I read the news on Facebook in the morning, and it stayed with me all day.  I had that gut-wrenching feeling in my stomach; I shook my head at the thought, the unbelievable thought that this happened to a person I knew.  Even if I didn't know him.  I felt sorrow for his family and for those at Slow Travel who will miss his presence and his input.  I felt despair; I felt sad.

And it struck me again how we touch people's lives without even realizing it.  So I want to tell you, my friends, how much I appreciate you.  Your words, your comments, your jokes, your emails, your phone calls.  Even if we haven't met in person, you've been here with me through the adventures and trials.  And I thank you.

11 comments:

Nikki P said...

That is a startling story, but it really does get you thinking, huh? I mean, it is amazing how well you can get to know someone via the Internet. I feel that even though some people consider it too "digitalized," we can actually get to know people by chatting/emailing/texting (perhaps even) better than we would by talking face-to-face, because online we can gain insight to what others are really thinking.

Anonymous said...

Valerie,

Sorry to read of the loss of your friend.

ytaba36 said...

I'm another one who 'knew' Rob through his participation on Slow Travel, and because of his love of Venice. I do hope they find whoever committed this senseless crime.

Yvonne

janie said...

I am so sorry to hear this. What a terrible waste.

Jennifer Pina said...

Beautiful post Val & you are so right. Sorry to hear about this tragedy with your friend.

Janine said...

Valerie, what a shocking story. I am so sorry. Having just met two blogging friends in real life I totally appreciate ht every real connection and friendship people can have online. In fact when we blog and put out heart and soul and passion into a subject like Italy it's a very very strong bond. Thanks for such a special post. xx

Linda @ Ice Tea for Me said...

Valeria, thank you for posting about RR. I had missed it on the ST message board; shocked doesn’t begin to describe how I feel, what a loss.

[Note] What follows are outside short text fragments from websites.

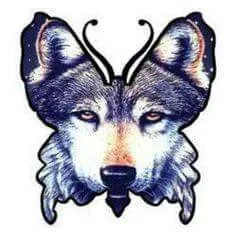 Wolf head with butterfly wings.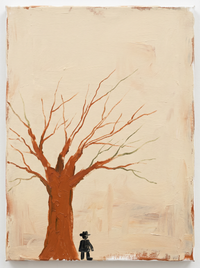 Oil painting of a leafless rust-orange tree with its trunk at the lower left and branches spreading right, a tiny dark figure in a wide-brimmed hat at its foot, on a misty cream sky.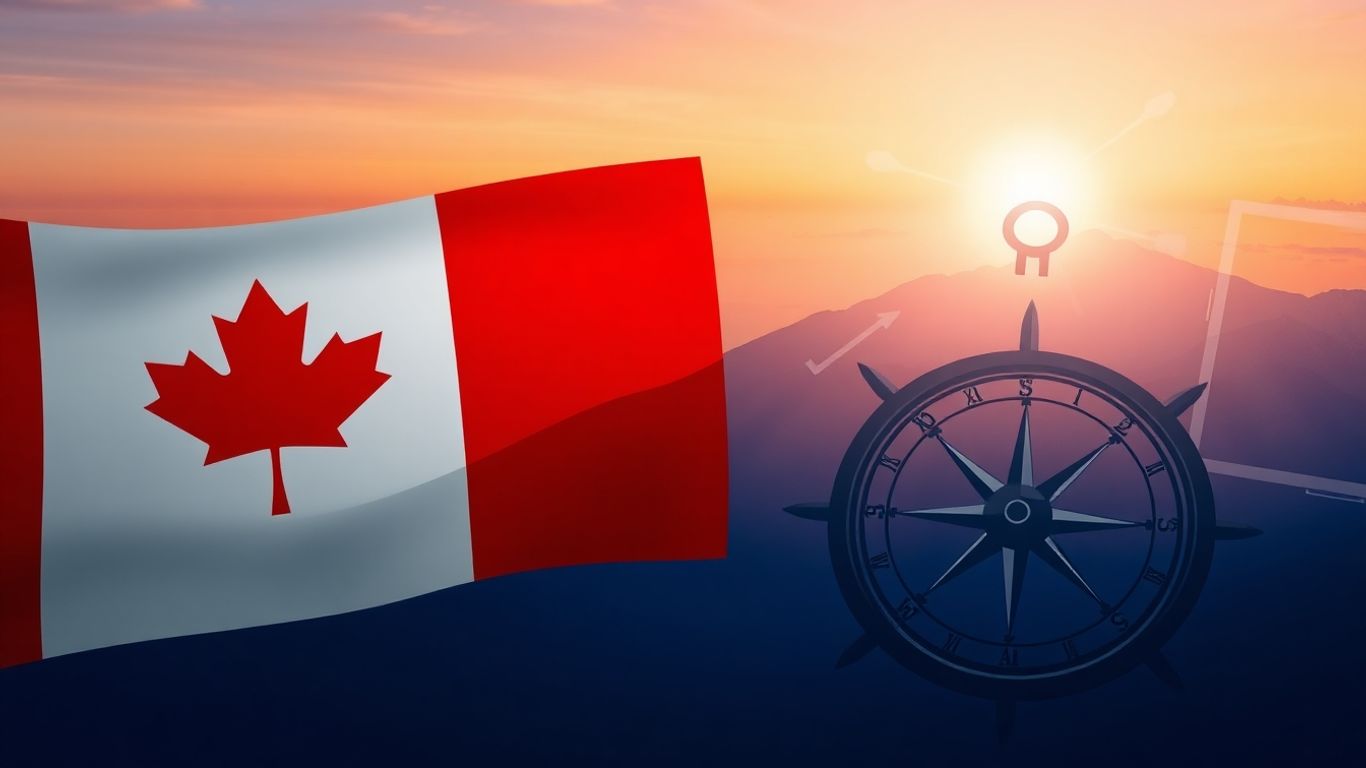 Canadian flag with digital currency symbols and compass.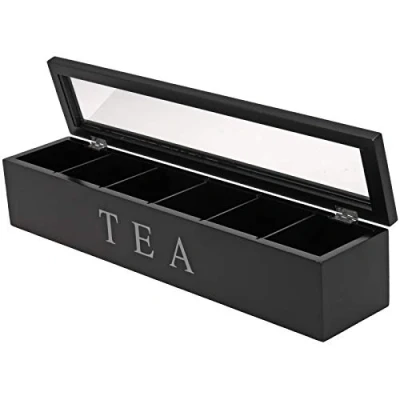 Abbildung von Teebox JEMAL, Schwarz, Deckel mit Sichtfenster, MDF, 6 Fächer für Teebeutel, B 43 x H 9 T cm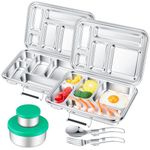 Maxcheck 2 Sets Stainless Steel Lunch Box for Kids Leak Proof Bento Lunch Box for Kids Adults Classic Metal Bento Box Metal Lunch Container with 5 Compartment Container Spoon Fork for School Office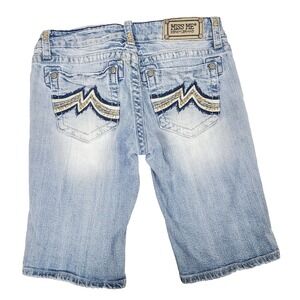 Miss Me Jeans Womens Bermuda Shorts 29‎ Embroidered Pockets Light Blue Denim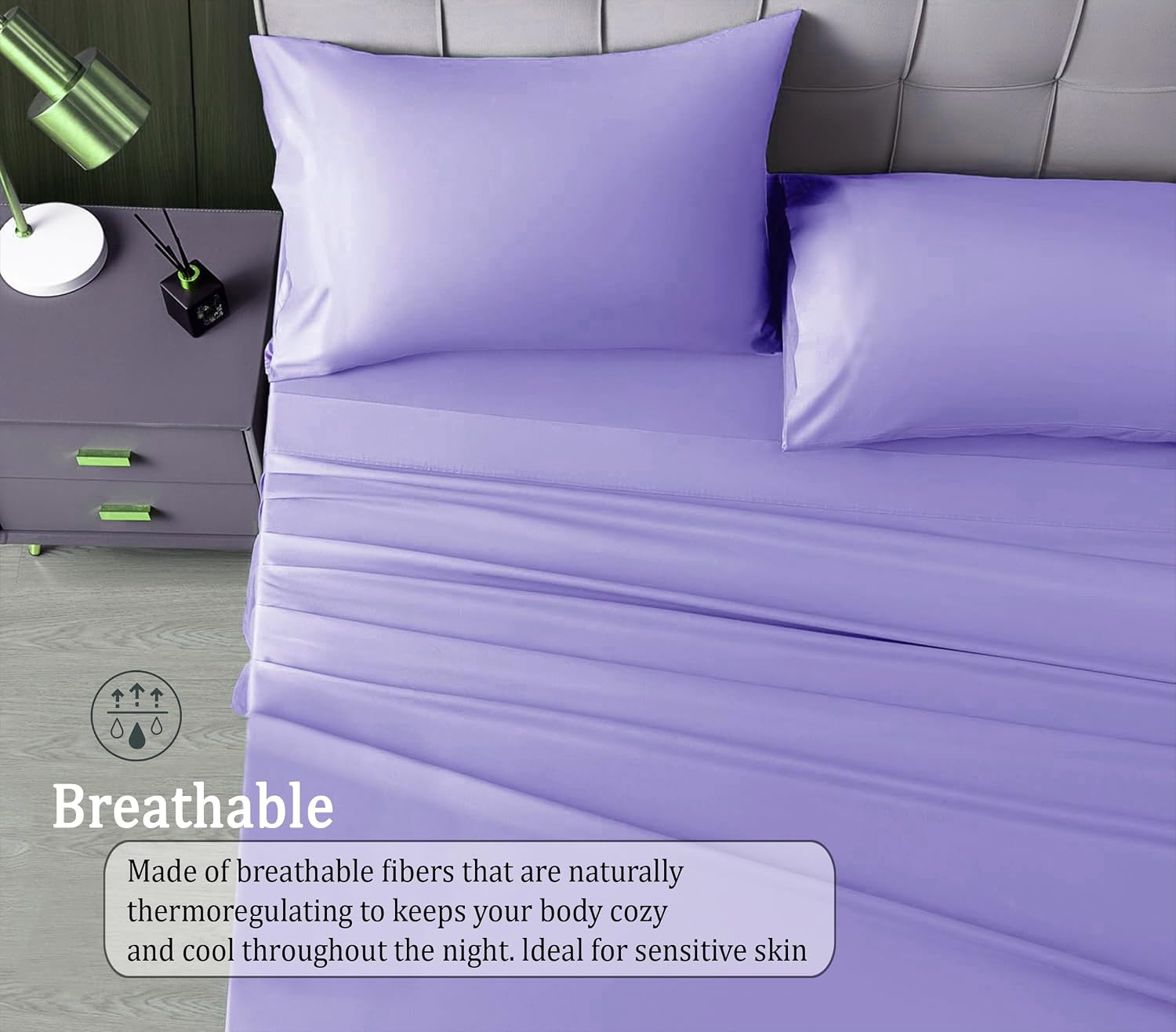 Elastic Fitted Bedsheet Queen Size With 2 Pillow Cover - 60 X 78 X 10 Inches, Lavender | Lightweight & Breathable, Perfect For All Seasons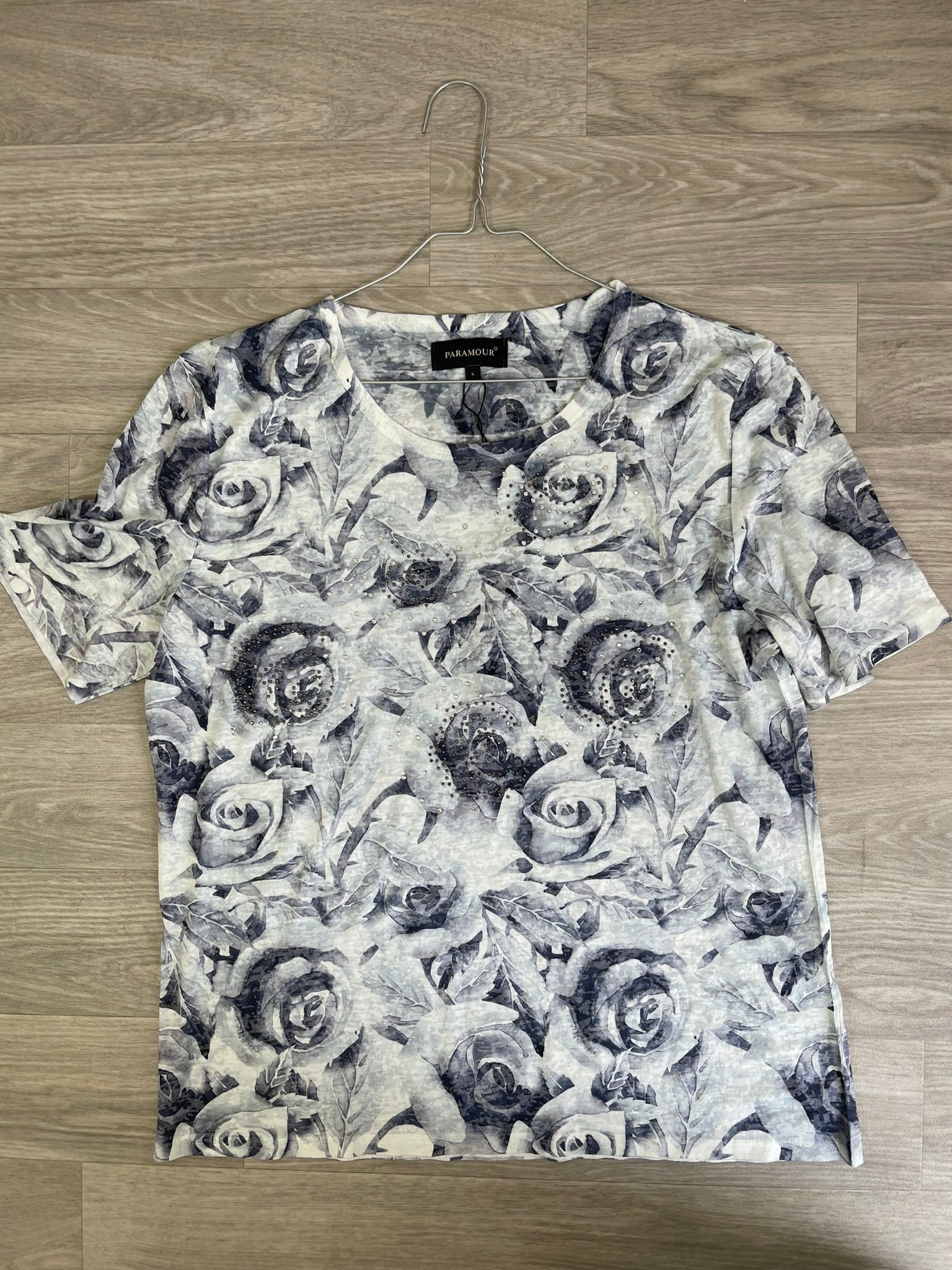 Haut fleuri gris à strass - Paramour taille L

You’re spot on about how through the interest we interact with people all over the world, have personal relationships but we never meet in person. I’ve gone to a few ST GTGs but with what happened to Robert I feel I need to make more of an effort to meet more of the ST gang.

Susie L said...

Valerie, when I learned of RR's brutal fate, I felt exactly the same way. I felt as if I had known him for years. Thank you for articulating your feelings so well, feelings many of us STer's share.

BTW, we have a shared love of Ascoli Piceno. I have felt for many years that I could happily live there.

Thanks for blogging, I need to comment and show my appreciation more often.

LindyLouMac in Italy said...

This is such a sad and shocking story that I did not get to hear about straight away as we were in the UK and away from our digital world. You are so right about the relationships that can be built this way.

Anonymous said...

I understand how you are feeling as I too interacted with Robert on SlowTrav. It took a week to shake the overwhelming sadness. RR as we knew him was a determined hiker/runner, was bound to succeed at getting dress-up clothes for La Fenice after hiking the Dolomites, and was so kindly concerned about having enough nice wine glasses for a GTG in a Venice rental apartment that he so kindly initiated. It is only on his death that we've found out about his other many kind acts. We are friends by crossing paths, and as in RR's friendship, by our connection on-line. Your posting reaffirms this. Hugs, the other Valerie

AlanP said...

I didn't know Robert, but I was touched by your story. We are all fortunate to have opportunities to know people like Robert. We're able to learn and share with others unlike any time in our history. Thank you Valerie, for reminding us how important those relationships are.